The organizers of the vigil — it was not called a protest — walked among their people with water coolers and paper cups, leaflets, advice, and instructions, but those holding the vigil never spoke.
Dicken walked to the entrance of Building 1, through the crowd, attracted to them despite his sense of the danger in the situation. He wanted to see what the troops were thinking and feeling — the people on the front line.
Cameramen moved around and through the crowds slowly, or more deliberately along the pathways, cameras held at waist level to capture the immediacy, then being lifted to shoulders for the panorama, the scale.
* * *
“Jesus, what happened?” Jane Salter asked as Dicken passed her in the long hall to his office. She carried a briefcase and an armload of files in green folders.
“Just an accident,” Dicken said. “I fell. Did you see what’s going on outside?”
“I saw,” Salter said. “Creeps me out.” She followed him and stood in the open door. Dicken glanced over his shoulder at her, then pulled out the old rolling chair and sat down, his face like a disappointed little boy’s.
“Down about Mrs. C.?” Salter asked. She pushed back a wisp of brown hair with the corner of a folder. The wisp fell back and she ignored it.
“I suppose,” Dicken said.
Salter bent to set down the briefcase, then stepped forward and laid the files on his desk. “Tom Scarry has the baby,” she said. “It was autopsied in Mexico City. I guess they did a thorough job. He’ll do it all over again, just to be sure.”
“Have you seen it?” Dicken asked.
“Just a video feed when they took it from the ice chest in Building 15.”
“Major,” Salter said. “A real mess.”
“For whom the bell tolls,” Dicken said.
“I’ve never figured out your position on this, Christopher,” Salter said, leaning against the door jamb. “You seem surprised that this is a really nasty disease. We knew that going in, didn’t we?”
Dicken shook his head. “I’ve chased diseases so long…this one seemed different.”
“What, more sympathetic?”
“Jane, I got drunk last night. I fell in my house and cracked my shoulder. I feel like hell.”
“A bender? That sounds more appropriate to a bad love life, not a misdiagnosis.”
Dicken made a sour face. “Where are you going with all that?” he asked, and shoved his left forefinger at the files.
“I’m moving some stuff over to the new receiving lab. They’ve got four more tables. We’re putting together personnel and procedures for a round-the-clock autopsy mission, L3 conditions. Dr. Sharp is in charge. I’m helping the group doing neural and epithelial analysis. I’ll keep their records straight.”
“Keep me in the loop? If you find something?”
“I don’t even know why you’re here, Christopher. You flew way above us when you went with Augustine.”

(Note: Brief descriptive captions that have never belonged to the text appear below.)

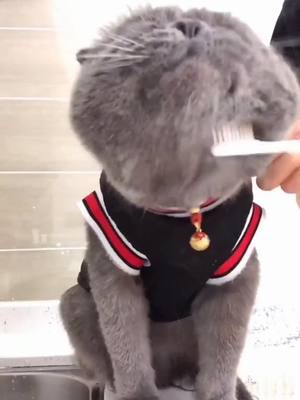 A post by @hallobaby88 on TikTok caption: #foryourpage #foryou #cute #perte #pet #gatto #cat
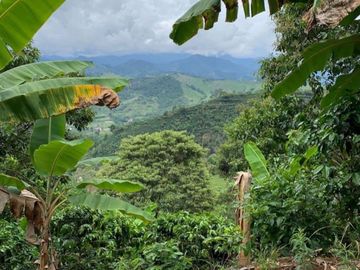 FINCA CAFETERA EN ANDES ANTIOQUIA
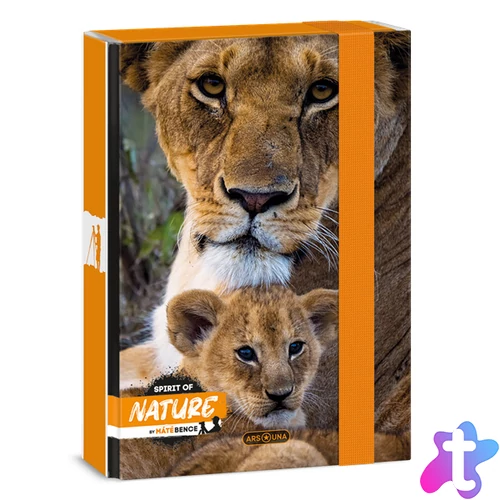 Ars Una Máté Bence-Lion 24 (5433) A5 füzetbox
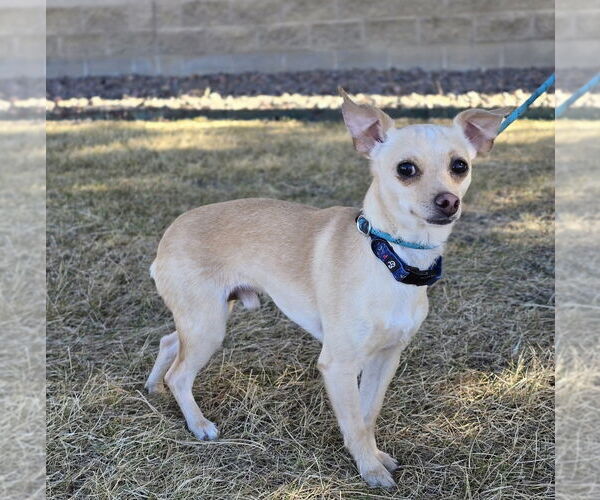 Medium Photo #5 Chihuahua Puppy For Sale in Lakewood, CO, USA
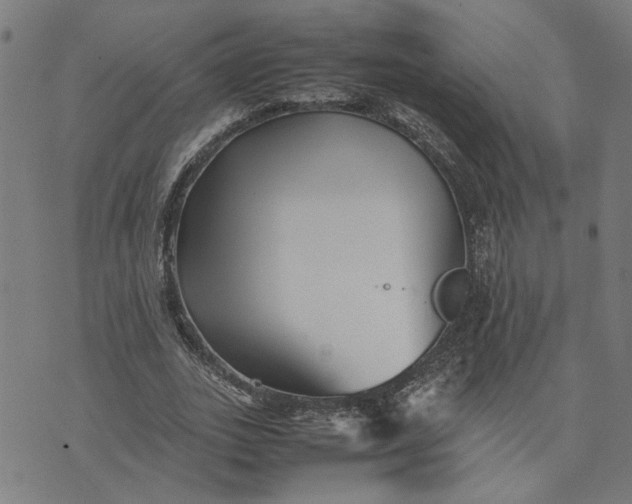 X0000074230727200609081620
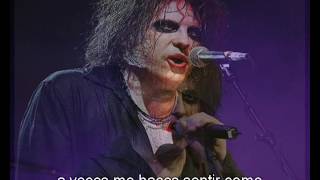 the cure plainsong live 03 08 2004 Cincinnati Riverbend Music Center USA subtitulada [upl. by Arac884]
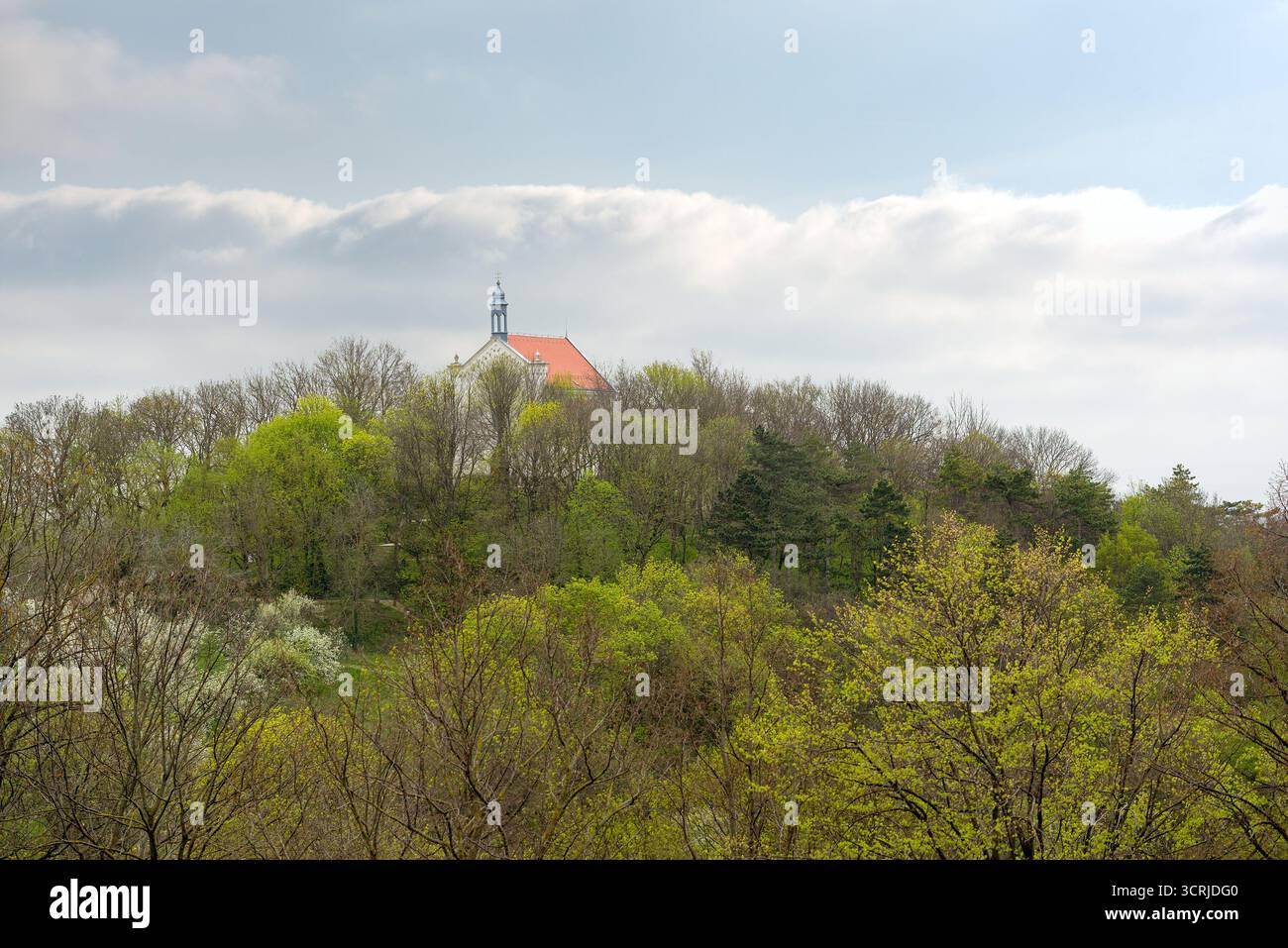 Sommet d'église dans une forêt sur une colline Banque D'Images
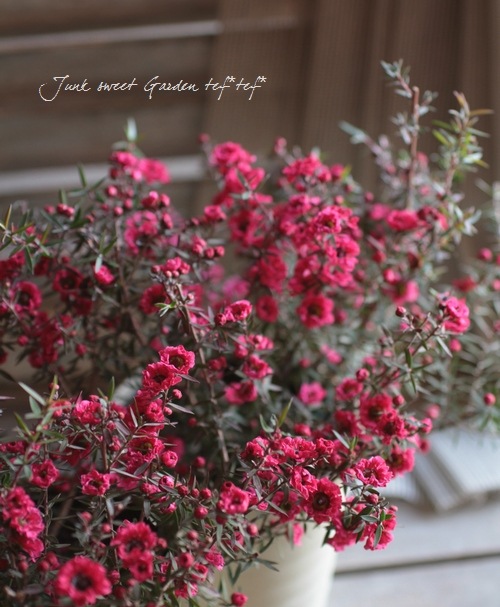 <i>Leptospermum scoparium</i><BR><BR>�����˶������в���<BR>Ȭ�ź餭�ؿ��ȥ����奦�Х���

“I miss the front lines. News always gets here first.” He sighed. “I’m still a virus hunter, Jane. I came back to look over some old papers. See if I forgot something crucial.”
Jane smiled. “Well, I did hear this morning that Mrs. C had genital herpes. Somehow it got to little Baby C early in its development. It was covered with lesions.”
Dicken looked up in surprise. “Herpes? They didn’t tell us that before.”
“I told you it was a mess,” Jane said.
Herpes could change the whole interpretation of what happened. How did the infant contract the genital herpes while still protected in the womb? Herpes was usually passed from mother to infant in the birth canal.
Dicken was severely distracted.
Dr. Denby passed by the office, smiled briefly, then doubled back and peered through the open door. Denby was a bacterial growth specialist, small and very bald, with a cherub’s face and a natty plum shirt and red tie. “Jane? Did you know they’ve blocked the cafeteria from outside? Hello, Christopher.”
“I heard. It’s impressive,” Jane said.
“Now they’re up to something else. Want to go look?”
“Not if it’s violent,” Salter said with a shudder.
“That’s what’s spooky. It’s peaceful and absolutely silent! Like a drill team without the band.”
Dicken walked with them and took the elevator and stairs to the front of the building. They followed other employees and doctors to the lobby beside the public display of CDC history. Outside, the crowd was milling in an orderly fashion. Leaders were using megaphones to shout orders.
A security guard stood with his hands on his hips, glaring at the crowd through the glass. “Will you look at that,” he said.
“What?” Jane asked.
“They’re breaking up, boy-girl. Segregating,” he said with a mystified look.
Banners stretched in plain view of the lobby and the dozens of cameras arrayed outside. A breeze rippled one banner. Dicken caught what it said in two sinuous flaps: VOLUNTEER. SEPARATE. SAVE A CHILD.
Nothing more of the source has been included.